Authors
Vilhelm Sjöberg
Yuyang Sang
Shu-Chun Weng
Zhong Shao
Abstract
Writing certifiably correct system software is still very
labor-intensive, and current programming languages are not
well suited for the task. Proof assistants work best on programs
written in a high-level functional style, while operating systems need
low-level control over the hardware.
We present DeepSEA, a language which provides support for
layered specification and abstraction refinement, effect encapsulation
and composition, and full equational reasoning.
A single DeepSEA program is automatically compiled into a certified
``layer'' consisting of a C program (which is then compiled into
assembly by CompCert), a low-level functional Coq specification, and a
formal (Coq) proof that the C program satisfies the specification.
Multiple layers can be composed and interleaved with manual proofs to
ascribe a high-level specification to a program by stepwise refinement.

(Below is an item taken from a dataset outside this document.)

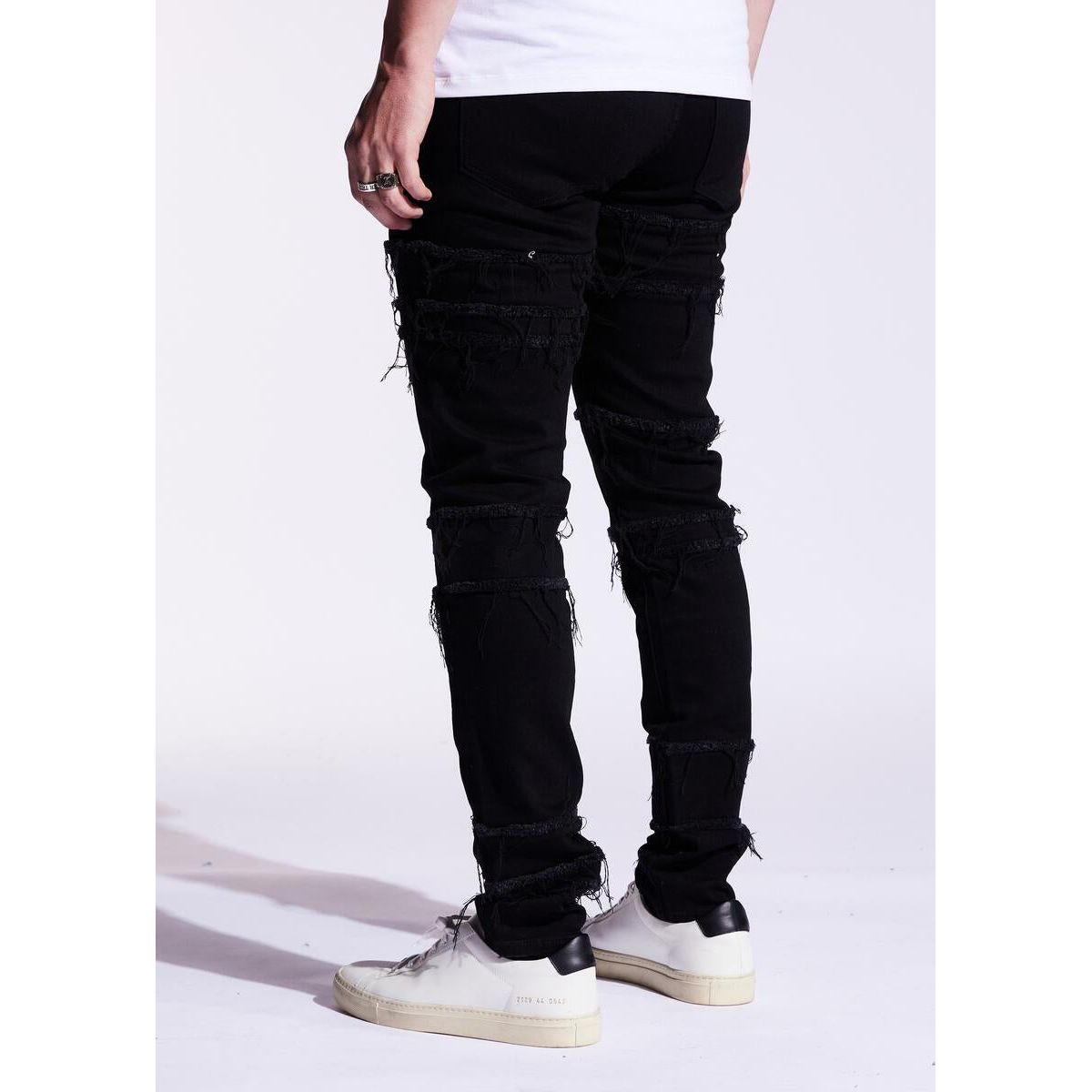High angle view of Embellish Black Distressed Blade Denim Jeans (EMBF221-111) laid flat on wooden surface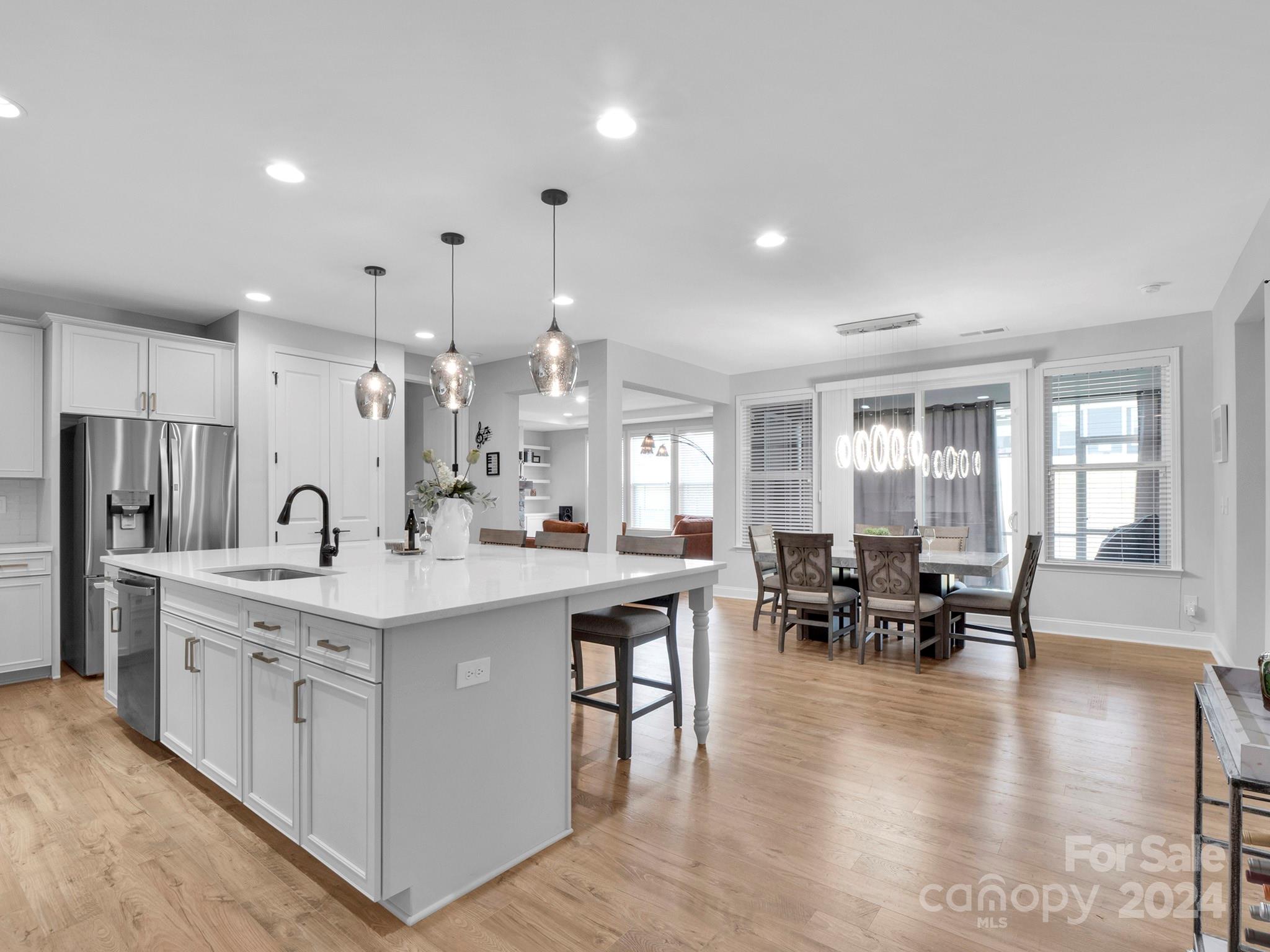 4011 Charlton Road Fort Mill, SC 29715 - Photo 7 of 48 a large white kitchen with lots of counter space and stainless steel appliances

We evaluate the language by using it to reimplement two existing verified
programs: a SHA-256 hash function and an OS kernel page table manager.
This new style of programming language design can directly support the
development of correct-by-construction system software.
Published
In
Proc. 2019 ACM SIGPLAN
International Conference on Object-Oriented Programming, Systems,
Languages, and Applications (OOPSLA'19), Athens, Greece, October 2019.
Published as
Proceedings of the ACM on Programming Languages (PACMPL), Volume 3, Number OOPSLA, Article 136 (October 2019), 27 pages.